Dormir bien es complicado con unos horarios que van desde las nueve de la mañana hasta la medianoche, y casi siempre de un tirón (son muchas horas, ¿eh?). El martes, por ejemplo, se amontonaron los partidos durante el corazón del día (pasa habitualmente) y como hacemos con frecuencia decidimos ir a por un bocadillo al bar de prensa, que lo tenemos justo al lado de donde estamos trabajando y nos evita perder tiempo de ir a comer al restaurante (por ahora sólo hemos estado un día).

Llegamos, pedimos y pagamos el menú (el mencionado bocata, unas patatas con sal y una lata de refresco). Estaba abriendo la bolsa y los altavoces anunciaron que se había terminado la hora, que hasta luego, que podíamos volver para merendar: “La pareja de dobles formada por Feliciano López y Marc López estará en la sala de prensa número tres en cinco minutos”. Salimos corriendo, claro.

Ni hablar, claro, de ver algo que esté fuera de Roland Garros. En París, hasta ahora, nada de Campos Elíseos. Nada de Louvre (¡qué lugar para los que nos gusta el arte!). Nada de Torre Eiffel, ni siquiera de refilón al venir en taxi desde el aeropuerto.
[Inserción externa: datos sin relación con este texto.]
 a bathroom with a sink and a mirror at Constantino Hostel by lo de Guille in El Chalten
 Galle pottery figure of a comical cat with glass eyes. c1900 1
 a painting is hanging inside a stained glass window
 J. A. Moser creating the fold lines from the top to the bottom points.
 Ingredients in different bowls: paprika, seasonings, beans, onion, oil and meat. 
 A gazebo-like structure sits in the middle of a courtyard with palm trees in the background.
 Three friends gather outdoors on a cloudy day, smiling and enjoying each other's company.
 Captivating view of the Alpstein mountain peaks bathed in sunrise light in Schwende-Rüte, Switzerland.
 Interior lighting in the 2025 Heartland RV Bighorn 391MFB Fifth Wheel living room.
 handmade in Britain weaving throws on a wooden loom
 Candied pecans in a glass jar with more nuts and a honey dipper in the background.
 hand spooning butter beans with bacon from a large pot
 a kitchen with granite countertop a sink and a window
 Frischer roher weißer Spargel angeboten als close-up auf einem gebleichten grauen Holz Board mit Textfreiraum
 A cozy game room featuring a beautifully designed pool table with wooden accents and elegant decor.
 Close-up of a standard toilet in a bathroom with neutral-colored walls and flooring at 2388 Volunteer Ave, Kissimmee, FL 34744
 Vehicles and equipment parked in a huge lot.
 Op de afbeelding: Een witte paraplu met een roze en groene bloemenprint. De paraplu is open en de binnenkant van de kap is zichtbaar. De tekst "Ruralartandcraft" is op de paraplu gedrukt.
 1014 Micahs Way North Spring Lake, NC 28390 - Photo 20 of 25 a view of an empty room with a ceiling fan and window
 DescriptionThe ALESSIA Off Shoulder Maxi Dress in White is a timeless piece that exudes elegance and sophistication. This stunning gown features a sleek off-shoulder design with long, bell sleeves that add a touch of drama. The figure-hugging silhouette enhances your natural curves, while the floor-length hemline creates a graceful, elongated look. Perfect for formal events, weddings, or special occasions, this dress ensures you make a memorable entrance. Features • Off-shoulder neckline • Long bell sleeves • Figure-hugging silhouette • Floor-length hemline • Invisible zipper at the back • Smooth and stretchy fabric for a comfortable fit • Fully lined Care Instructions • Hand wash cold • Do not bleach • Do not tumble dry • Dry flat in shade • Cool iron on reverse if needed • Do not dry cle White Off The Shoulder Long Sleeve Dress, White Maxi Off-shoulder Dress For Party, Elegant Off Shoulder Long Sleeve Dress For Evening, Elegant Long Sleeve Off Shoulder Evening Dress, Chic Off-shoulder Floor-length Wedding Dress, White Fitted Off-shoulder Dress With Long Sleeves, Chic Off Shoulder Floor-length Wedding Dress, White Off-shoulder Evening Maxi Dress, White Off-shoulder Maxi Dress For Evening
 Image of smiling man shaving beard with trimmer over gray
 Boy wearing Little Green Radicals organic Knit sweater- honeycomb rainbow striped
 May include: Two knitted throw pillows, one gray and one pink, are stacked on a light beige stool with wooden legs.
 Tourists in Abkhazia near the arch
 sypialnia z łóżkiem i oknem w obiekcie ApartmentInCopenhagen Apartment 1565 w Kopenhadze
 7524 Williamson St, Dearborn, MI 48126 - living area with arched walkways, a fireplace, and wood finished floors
Nada de Notre Dame, el Sagrado Corazón o la Ópera Garnier. Nada del barrio Latino, un lugar maravilloso para caminar por la noche. Tampoco Versalles. Con suerte, cuando la carga de trabajo disminuya en la segunda semana de competición, aparecerán horas libres (esta frase se volverá en mi contra, estoy seguro) para poder disfrutar un poco de la ciudad.

Normalmente, y esto es algo que me enseñaron buenos amigos (y también periodistas) en los primeros años, entre los enviados especiales a un torneo hay de todo, como en la vida misma. Hay de todo y todo es respetable, por supuesto. Los hay que deciden venir sólo para los partidos que les afectan directamente (aquellos con participación de jugadores de su país, cinco horas y listo). Los hay que incluso se toman días de vacaciones para visitar París. Incluso algunos que aprovechan para irse a otras ciudades que están cerca de aquí, a hacer turismo puro y duro. A mí no me sale (y tampoco tengo tiempo, llevo la torpeza a cuestas). Es cierto que no me salió la primera vez que vine (ni se me pasó por la cabeza, solo faltaría) y seis años después tampoco, pero tiene su explicación, más allá de que sea lento escribiendo (muy lento).

Si estar en Roland Garros es un privilegio hay que aprovecharlo, ¿no? Quizás es una tontería, pero me siento mal marchándome de este torneo (también de cualquier otro) sin que hayan terminado todos los partidos. Primero, porque puede pasar cualquier cosa (alguien recuerda cómo el Isner-Mahut de Wimbledon 2011 empezó sin llamar la atención y acabó convertido en el cruce más largo de la historia del tenis) y nuestra obligación es estar aquí para verlo y después escribir sobre ello. Si el factor diferencial es contarlo y que no te lo cuenten, hay que respetar eso. Y segundo, porque me parece una traición que haya tenis en juego y yo esté por ahí haciendo otra cosa, cuando precisamente he venido aquí para eso.

Así que normalmente llego de los primeros y me voy el último (siempre el último, eso no falla). Y no me quejo, que ya he pagado suficientes cenas. Eso sí, París muy bonita.